January 23, 2012: In 1944, Swedish diplomat Raoul Wallenberg helped tens of thousands—some say as many as 100,000 people—escape persecution and almost certain death when Nazi forces invaded Hungary during World War II.
This year, the 100th anniversary of Wallenberg’s birth will be commemorated by events in Sweden and around the world.
The celebration of Wallenberg’s life and work began on January 17 with the opening of the Raoul Wallenberg exhibition, “To Me There is No Other Choice,” at the Hungarian National Museum in Budapest. Throughout 2012, the exhibition will travel to New York; Washington, D.C.; Moscow; Tel Aviv; Berlin and Toronto.
August 4, Wallenberg’s birthday, will be marked by worldwide events including a party in his hometown on the island of Lidingö in the Stockholm archipelago. Also on August 4, a section of 13th Avenue in the Borough Park neighborhood of Brooklyn, New York, will be renamed in Wallenberg’s honor.
Click here http://www.sweden.gov.se/sb/d/15418 for a full calendar of events.
No one personified the continued need for tolerance and the fight for human rights better than Raoul Wallenberg.
After serving in the Swedish military and receiving a Bachelor of Science in Architecture from the University of Michigan, he pursued a career in business that led him to a partnership in Budapest with Koloman Lauer, a Hungarian Jew.
In 1944, Wallenberg was named to the Swedish legation of the War Refugee Board in Hungary. Its goal was to help in the rescue and evacuation of Hungary’s Jewish population under threat from the Nazis.
Under Wallenberg’s leadership, the mission was a success, but Wallenberg himself was not so lucky.
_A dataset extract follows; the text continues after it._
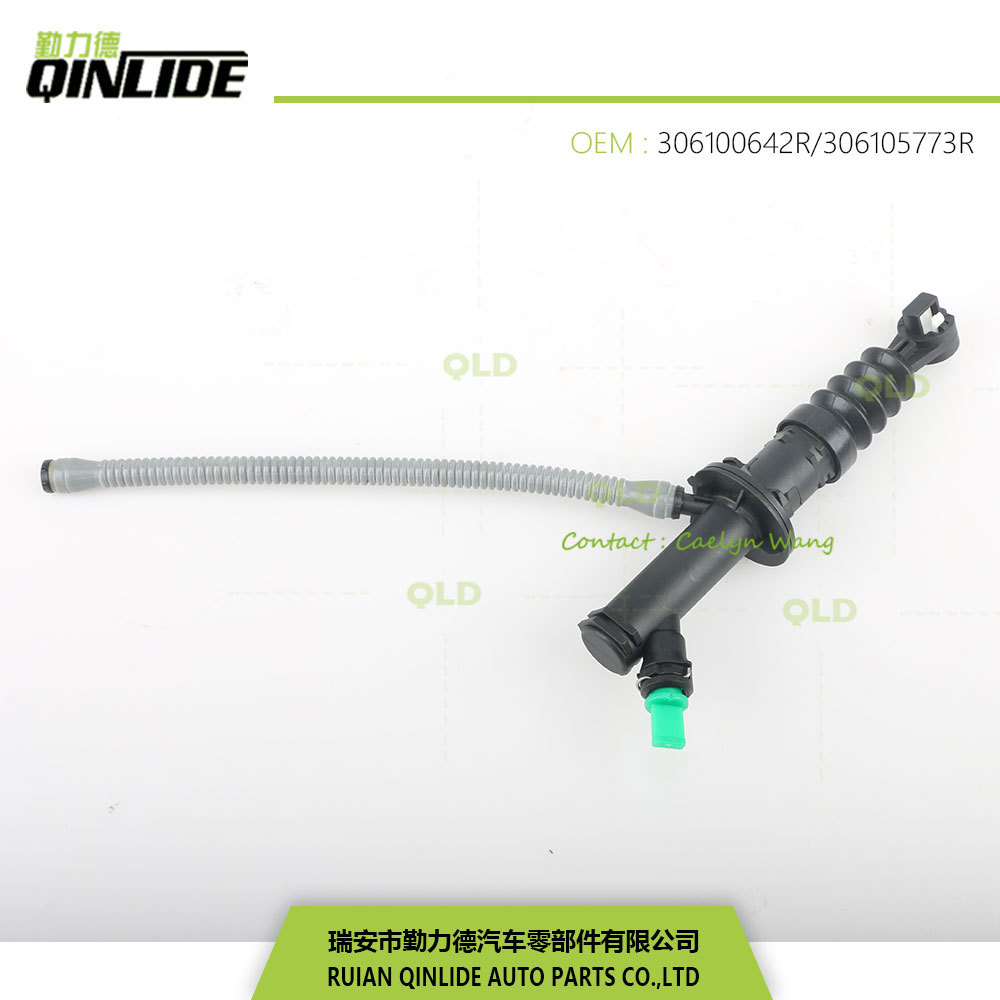 克里奥离合器总泵主缸配件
On January 17, 1945, he was arrested and imprisoned by Soviet forces. How and why he was taken remains unclear, and even though it was reported that he died of a heart attack in 1947 while in captivity, that version of events remains in dispute to this day.
Wallenberg’s clear thinking, initiative and bravery have never been in doubt.
"We can honor him best by passing on to new generations knowledge about both Raoul Wallenberg as a person and the importance of individual responsibility and personal courage in crucial situations," said Olle Wästberg, the Swedish government's coordinator for the Raoul Wallenberg Year 2012.
The Raoul Wallenberg Year 2012 has been organized by a national committee in Sweden, headed by Swedish Minister for Foreign Affairs Carl Bildt. Other partners and participants in Sweden include: the Swedish Institute, the Living History Forum, the Army Museum and the Raoul Wallenberg Institute in Lund.